TRY IT:
Each record below has to be printed verbatim.

DATA FOR PROCESSING:
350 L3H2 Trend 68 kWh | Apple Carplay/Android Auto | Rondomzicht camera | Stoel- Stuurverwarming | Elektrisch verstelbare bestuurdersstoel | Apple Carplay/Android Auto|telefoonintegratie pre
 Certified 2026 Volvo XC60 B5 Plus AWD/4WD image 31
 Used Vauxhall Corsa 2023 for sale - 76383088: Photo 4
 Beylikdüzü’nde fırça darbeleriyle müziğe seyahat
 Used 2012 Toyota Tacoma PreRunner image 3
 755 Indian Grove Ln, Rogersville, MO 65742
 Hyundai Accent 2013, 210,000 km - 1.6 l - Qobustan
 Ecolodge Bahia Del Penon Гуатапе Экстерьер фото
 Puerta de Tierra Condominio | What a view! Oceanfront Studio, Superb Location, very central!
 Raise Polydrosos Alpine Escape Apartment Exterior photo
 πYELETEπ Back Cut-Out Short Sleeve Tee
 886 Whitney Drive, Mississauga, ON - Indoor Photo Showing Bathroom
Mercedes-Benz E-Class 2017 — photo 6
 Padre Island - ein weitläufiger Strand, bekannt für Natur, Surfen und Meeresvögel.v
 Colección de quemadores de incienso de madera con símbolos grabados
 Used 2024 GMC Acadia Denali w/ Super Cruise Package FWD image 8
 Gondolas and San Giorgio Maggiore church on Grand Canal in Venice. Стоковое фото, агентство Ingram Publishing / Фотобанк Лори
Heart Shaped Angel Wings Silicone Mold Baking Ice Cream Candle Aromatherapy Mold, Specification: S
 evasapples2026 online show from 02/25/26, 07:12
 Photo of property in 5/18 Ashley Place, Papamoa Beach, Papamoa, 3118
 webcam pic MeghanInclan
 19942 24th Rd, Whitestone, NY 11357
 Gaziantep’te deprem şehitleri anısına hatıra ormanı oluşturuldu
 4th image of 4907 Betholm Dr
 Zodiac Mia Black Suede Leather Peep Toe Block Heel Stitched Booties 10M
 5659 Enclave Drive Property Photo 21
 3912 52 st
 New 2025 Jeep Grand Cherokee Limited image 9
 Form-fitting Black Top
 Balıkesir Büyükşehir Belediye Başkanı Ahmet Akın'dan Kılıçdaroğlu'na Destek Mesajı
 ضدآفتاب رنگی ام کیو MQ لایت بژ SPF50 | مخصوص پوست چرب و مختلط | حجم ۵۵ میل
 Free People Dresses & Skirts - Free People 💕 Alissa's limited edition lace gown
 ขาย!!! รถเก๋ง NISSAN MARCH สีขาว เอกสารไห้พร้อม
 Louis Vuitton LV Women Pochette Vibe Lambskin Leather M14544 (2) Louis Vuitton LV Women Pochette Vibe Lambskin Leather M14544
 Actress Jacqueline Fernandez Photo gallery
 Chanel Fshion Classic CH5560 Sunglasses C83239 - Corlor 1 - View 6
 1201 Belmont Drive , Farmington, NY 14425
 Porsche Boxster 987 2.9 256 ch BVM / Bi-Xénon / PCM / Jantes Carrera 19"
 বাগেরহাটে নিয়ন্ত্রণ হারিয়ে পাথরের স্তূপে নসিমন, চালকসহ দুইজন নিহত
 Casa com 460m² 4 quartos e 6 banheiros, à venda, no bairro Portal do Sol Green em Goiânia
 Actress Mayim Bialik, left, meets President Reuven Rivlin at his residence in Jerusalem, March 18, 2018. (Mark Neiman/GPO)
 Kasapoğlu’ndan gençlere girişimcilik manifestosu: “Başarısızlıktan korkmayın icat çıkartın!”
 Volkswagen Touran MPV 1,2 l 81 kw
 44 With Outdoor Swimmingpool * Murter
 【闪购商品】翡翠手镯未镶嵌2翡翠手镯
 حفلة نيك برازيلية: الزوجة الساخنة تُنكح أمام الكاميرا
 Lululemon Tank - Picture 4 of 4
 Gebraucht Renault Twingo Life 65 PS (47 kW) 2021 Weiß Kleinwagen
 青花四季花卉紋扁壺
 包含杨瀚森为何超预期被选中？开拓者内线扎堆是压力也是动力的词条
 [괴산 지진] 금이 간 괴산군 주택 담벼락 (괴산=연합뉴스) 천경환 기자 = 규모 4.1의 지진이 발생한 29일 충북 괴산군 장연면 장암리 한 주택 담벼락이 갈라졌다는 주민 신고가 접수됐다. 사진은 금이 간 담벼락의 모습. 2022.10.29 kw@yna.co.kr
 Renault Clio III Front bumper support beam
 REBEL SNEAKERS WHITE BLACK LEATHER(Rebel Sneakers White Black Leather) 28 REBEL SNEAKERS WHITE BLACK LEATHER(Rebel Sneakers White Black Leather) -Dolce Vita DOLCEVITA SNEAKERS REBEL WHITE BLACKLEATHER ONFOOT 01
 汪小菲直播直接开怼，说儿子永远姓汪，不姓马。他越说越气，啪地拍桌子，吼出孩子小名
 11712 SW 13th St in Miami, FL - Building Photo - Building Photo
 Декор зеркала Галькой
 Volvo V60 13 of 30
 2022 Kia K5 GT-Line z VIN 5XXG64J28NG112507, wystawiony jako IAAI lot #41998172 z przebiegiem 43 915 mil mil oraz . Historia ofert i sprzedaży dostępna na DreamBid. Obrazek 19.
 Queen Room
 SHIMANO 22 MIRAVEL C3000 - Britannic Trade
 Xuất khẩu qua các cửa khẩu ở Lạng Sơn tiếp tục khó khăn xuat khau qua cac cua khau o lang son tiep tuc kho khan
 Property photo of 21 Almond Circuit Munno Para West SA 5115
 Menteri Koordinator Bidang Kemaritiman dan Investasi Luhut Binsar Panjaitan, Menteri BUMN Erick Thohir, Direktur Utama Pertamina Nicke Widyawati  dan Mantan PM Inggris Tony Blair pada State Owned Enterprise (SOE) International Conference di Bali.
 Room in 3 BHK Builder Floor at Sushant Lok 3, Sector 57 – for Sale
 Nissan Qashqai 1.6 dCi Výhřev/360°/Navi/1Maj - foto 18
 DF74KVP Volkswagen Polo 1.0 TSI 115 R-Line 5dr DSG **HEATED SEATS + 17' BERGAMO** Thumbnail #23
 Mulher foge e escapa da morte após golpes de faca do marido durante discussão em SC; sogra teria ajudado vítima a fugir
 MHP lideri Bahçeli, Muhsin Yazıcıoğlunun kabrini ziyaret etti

ANSWER TO THIS EXERCISE:
350 L3H2 Trend 68 kWh | Apple Carplay/Android Auto | Rondomzicht camera | Stoel- Stuurverwarming | Elektrisch verstelbare bestuurdersstoel | Apple Carplay/Android Auto|telefoonintegratie pre
 Certified 2026 Volvo XC60 B5 Plus AWD/4WD image 31
 Used Vauxhall Corsa 2023 for sale - 76383088: Photo 4
 Beylikdüzü’nde fırça darbeleriyle müziğe seyahat
 Used 2012 Toyota Tacoma PreRunner image 3
 755 Indian Grove Ln, Rogersville, MO 65742
 Hyundai Accent 2013, 210,000 km - 1.6 l - Qobustan
 Ecolodge Bahia Del Penon Гуатапе Экстерьер фото
 Puerta de Tierra Condominio | What a view! Oceanfront Studio, Superb Location, very central!
 Raise Polydrosos Alpine Escape Apartment Exterior photo
 πYELETEπ Back Cut-Out Short Sleeve Tee
 886 Whitney Drive, Mississauga, ON - Indoor Photo Showing Bathroom
Mercedes-Benz E-Class 2017 — photo 6
 Padre Island - ein weitläufiger Strand, bekannt für Natur, Surfen und Meeresvögel.v
 Colección de quemadores de incienso de madera con símbolos grabados
 Used 2024 GMC Acadia Denali w/ Super Cruise Package FWD image 8
 Gondolas and San Giorgio Maggiore church on Grand Canal in Venice. Стоковое фото, агентство Ingram Publishing / Фотобанк Лори
Heart Shaped Angel Wings Silicone Mold Baking Ice Cream Candle Aromatherapy Mold, Specification: S
 evasapples2026 online show from 02/25/26, 07:12
 Photo of property in 5/18 Ashley Place, Papamoa Beach, Papamoa, 3118
 webcam pic MeghanInclan
 19942 24th Rd, Whitestone, NY 11357
 Gaziantep’te deprem şehitleri anısına hatıra ormanı oluşturuldu
 4th image of 4907 Betholm Dr
 Zodiac Mia Black Suede Leather Peep Toe Block Heel Stitched Booties 10M
 5659 Enclave Drive Property Photo 21
 3912 52 st
 New 2025 Jeep Grand Cherokee Limited image 9
 Form-fitting Black Top
 Balıkesir Büyükşehir Belediye Başkanı Ahmet Akın'dan Kılıçdaroğlu'na Destek Mesajı
 ضدآفتاب رنگی ام کیو MQ لایت بژ SPF50 | مخصوص پوست چرب و مختلط | حجم ۵۵ میل
 Free People Dresses & Skirts - Free People 💕 Alissa's limited edition lace gown
 ขาย!!! รถเก๋ง NISSAN MARCH สีขาว เอกสารไห้พร้อม
 Louis Vuitton LV Women Pochette Vibe Lambskin Leather M14544 (2) Louis Vuitton LV Women Pochette Vibe Lambskin Leather M14544
 Actress Jacqueline Fernandez Photo gallery
 Chanel Fshion Classic CH5560 Sunglasses C83239 - Corlor 1 - View 6
 1201 Belmont Drive , Farmington, NY 14425
 Porsche Boxster 987 2.9 256 ch BVM / Bi-Xénon / PCM / Jantes Carrera 19"
 বাগেরহাটে নিয়ন্ত্রণ হারিয়ে পাথরের স্তূপে নসিমন, চালকসহ দুইজন নিহত
 Casa com 460m² 4 quartos e 6 banheiros, à venda, no bairro Portal do Sol Green em Goiânia
 Actress Mayim Bialik, left, meets President Reuven Rivlin at his residence in Jerusalem, March 18, 2018. (Mark Neiman/GPO)
 Kasapoğlu’ndan gençlere girişimcilik manifestosu: “Başarısızlıktan korkmayın icat çıkartın!”
 Volkswagen Touran MPV 1,2 l 81 kw
 44 With Outdoor Swimmingpool * Murter
 【闪购商品】翡翠手镯未镶嵌2翡翠手镯
 حفلة نيك برازيلية: الزوجة الساخنة تُنكح أمام الكاميرا
 Lululemon Tank - Picture 4 of 4
 Gebraucht Renault Twingo Life 65 PS (47 kW) 2021 Weiß Kleinwagen
 青花四季花卉紋扁壺
 包含杨瀚森为何超预期被选中？开拓者内线扎堆是压力也是动力的词条
 [괴산 지진] 금이 간 괴산군 주택 담벼락 (괴산=연합뉴스) 천경환 기자 = 규모 4.1의 지진이 발생한 29일 충북 괴산군 장연면 장암리 한 주택 담벼락이 갈라졌다는 주민 신고가 접수됐다. 사진은 금이 간 담벼락의 모습. 2022.10.29 kw@yna.co.kr
 Renault Clio III Front bumper support beam
 REBEL SNEAKERS WHITE BLACK LEATHER(Rebel Sneakers White Black Leather) 28 REBEL SNEAKERS WHITE BLACK LEATHER(Rebel Sneakers White Black Leather) -Dolce Vita DOLCEVITA SNEAKERS REBEL WHITE BLACKLEATHER ONFOOT 01
 汪小菲直播直接开怼，说儿子永远姓汪，不姓马。他越说越气，啪地拍桌子，吼出孩子小名
 11712 SW 13th St in Miami, FL - Building Photo - Building Photo
 Декор зеркала Галькой
 Volvo V60 13 of 30
 2022 Kia K5 GT-Line z VIN 5XXG64J28NG112507, wystawiony jako IAAI lot #41998172 z przebiegiem 43 915 mil mil oraz . Historia ofert i sprzedaży dostępna na DreamBid. Obrazek 19.
 Queen Room
 SHIMANO 22 MIRAVEL C3000 - Britannic Trade
 Xuất khẩu qua các cửa khẩu ở Lạng Sơn tiếp tục khó khăn xuat khau qua cac cua khau o lang son tiep tuc kho khan
 Property photo of 21 Almond Circuit Munno Para West SA 5115
 Menteri Koordinator Bidang Kemaritiman dan Investasi Luhut Binsar Panjaitan, Menteri BUMN Erick Thohir, Direktur Utama Pertamina Nicke Widyawati  dan Mantan PM Inggris Tony Blair pada State Owned Enterprise (SOE) International Conference di Bali.
 Room in 3 BHK Builder Floor at Sushant Lok 3, Sector 57 – for Sale
 Nissan Qashqai 1.6 dCi Výhřev/360°/Navi/1Maj - foto 18
 DF74KVP Volkswagen Polo 1.0 TSI 115 R-Line 5dr DSG **HEATED SEATS + 17' BERGAMO** Thumbnail #23
 Mulher foge e escapa da morte após golpes de faca do marido durante discussão em SC; sogra teria ajudado vítima a fugir
 MHP lideri Bahçeli, Muhsin Yazıcıoğlunun kabrini ziyaret etti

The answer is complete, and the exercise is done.